Warren Buffett, Bill Gates and more than 180 billionaires of the world signed the 'Giving Pledge" to donate half their wealth before they die. While I appreciate it, I tell them that donating the wealth is fine but if you make a little change in it that will make it enormously powerful and sustainable. I ask them to put the donated money into a social business fund, so that it can be invested in social businesses.
I keep reminding them that charity is a wonderful idea, it has been helping the poor over centuries. I point out that charity has one limitation. Charity money goes out, solves problems, but the money never comes back. So you have only one time use of the charity money. I suggest to them to use the money to create social business. In social business, money goes out, does the work, and then it comes back in full, even with a surplus. In social business money has endless use of the same money, it never disappears. It even grows. It creates entities which have their own lives, they grow over time. It becomes extremely powerful.

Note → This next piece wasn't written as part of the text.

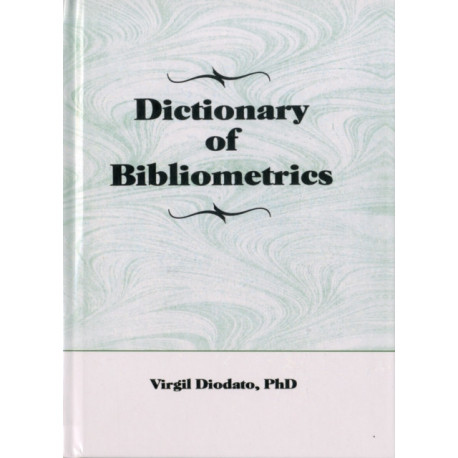 Dictionary of Bibliometrics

I draw attention of the rich and the super-rich people to think about their foundations, think about their money that they want to give away for charity, think about their corporate social responsibility money. Instead of giving away as charity, to think about creating social business or create a social business fund.

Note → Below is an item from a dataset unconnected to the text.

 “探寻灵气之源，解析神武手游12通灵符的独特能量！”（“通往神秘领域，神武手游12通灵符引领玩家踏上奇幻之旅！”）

This way their money will keep working non-stop for solving social problems. Take the case of getting unemployed young people out of unemployment by turning them into entrepreneurs through social business. After you have done it, your money comes back. Now you reinvest this money to take out more unemployed youth out of unemployment. And so on. So you can use the same money again and again. I ask them why don’t we do that. On charity part their understanding is very clear. But on social business they are not clear. That's where IOC role comes in. They can make it clear to them by creating examples.

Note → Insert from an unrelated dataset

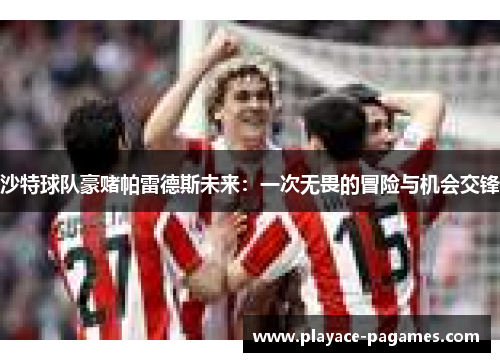 沙特球队豪赌帕雷德斯未来:一次无畏的冒险与机会交锋 沙特球队豪赌帕雷德斯未来:一次无畏的冒险与机会交锋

The super-rich people that I meet are very friendly people, well-meaning people. I tell them about getting away from the life dedicated to self-interest driven businesses, to put a deadline to it. After 50 or 60 years of age to move into a life dedicated to changing the world through social businesses. No more for-me-only any more, I devote myself entirely for the rest of the world.
I take the position that human beings never 'retire'. The word 'retirement' is not an appropriate word for human beings. Human beings cannot be moth-balled. They remain as active beings, and creative beings until the last breath. Why put a break in that creativity by naming a phase of life as retired life? Bring the experience of the first phase your life to contribute during the second phase of your life in creating the world you always dreamt about.
These are the kind of ideas I try to promote with them. If any one of them come up with a joint venture proposal, we feel very happy. If not I tell them to create a small social business along side their mega business as an experiment, to get a feel for it.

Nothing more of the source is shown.